…Then there’s the sticky problem of Harry Fox Agency itself, an organization roundly being blamed for the current royalty mess. Indeed, HFA, tasked by Spotify to handle specific mechanical licensing, may have been permanently tarred as incompetent by the current imbroglio. Those accusations have only been intensified by gaffes like $0.00 checks (see above), $0.01 checks (we’ve seen at least one), and accusations of shadiness on the part of the NMPA, whose recent sale of HFA to SESAC could be complicating by the recent issues.
Those strings may explain why HFA has been tapped by the NMPA to clean up the very mess it’s been accused of creating. Though strangely, Spotify has been tasked with creating an online interface to properly match songs with their mechanical rights (a task that seems more appropriate for the company in charge of matching — and paying — songwriters on their mechanical rights)….

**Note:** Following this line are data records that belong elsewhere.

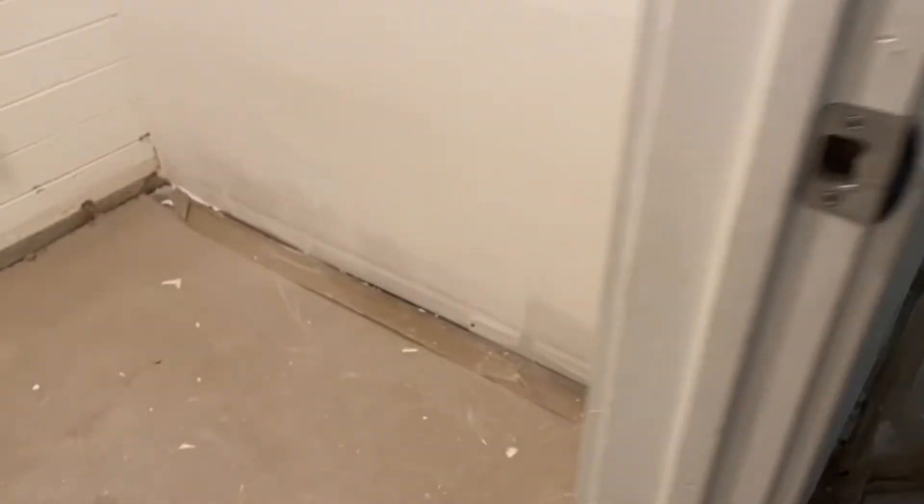So we're gonna get all the drywall in here. This is the closet. And here's the wall in the bedroom.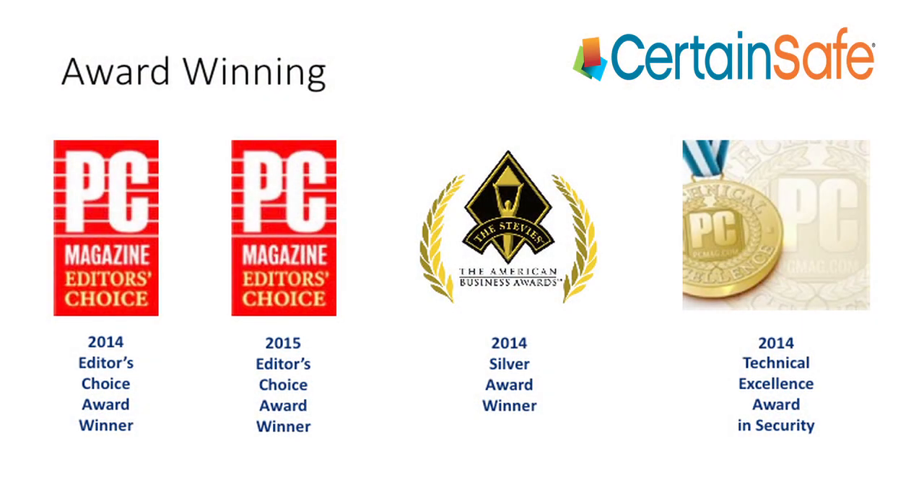Hi, I'm Heather, and I'm here with Dave Schoenberger, the Chief Innovative Officer and Co-Founder of CertainSafe. In the news, I've read about CertainSafe's award-winning microtokenization and micro-encryption processes in such places as PC Magazine.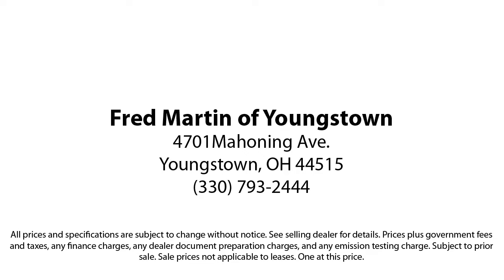Come to Mercedes-Benz of Youngstown today and find out why our customers return again and again. Mercedes-Benz of Youngstown is located at 4701 Mahoning Avenue in Youngstown.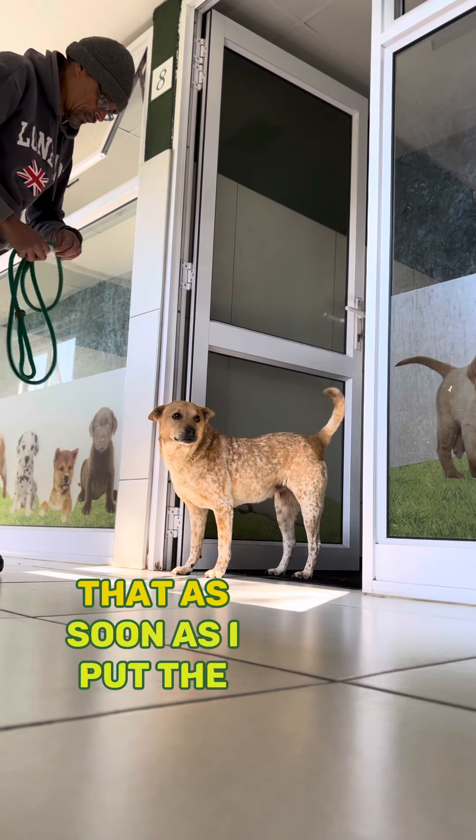But you'll see now that as soon as I put the leash around her — not tightly, just so that she feels it — she's much more confident and she's okay to walk with me.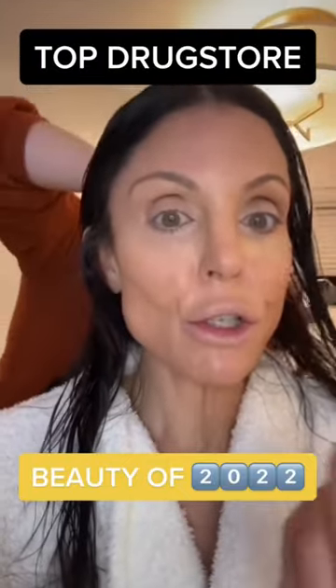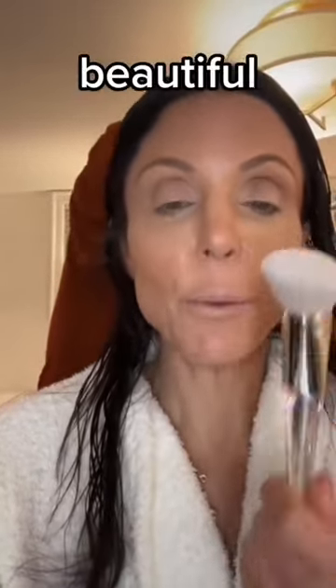Number one drugstore makeup brush brand: ELF. Elevated, they look high-end, they blend, they're luxurious, they're beautiful. Number one drugstore foundation of 2022 is Neutrogena Healthy Skin Foundation. It's light, it's got nice coverage, it makes you glow, it's inexpensive, and it's healthy skin.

Meanwhile, mega-players like Apple are starting to seriously distance themselves from HFA given the serious legal risks attached. Just recently, Apple shifted at least part of its mechanical royalty tasks to Music Reports, Inc., an HFA competitor. Others, including litigated-against services like Rhapsody, Google Play Music and Microsoft-owned Groove Music, are undoubtedly restructuring their arrangements to avoid future liabilities.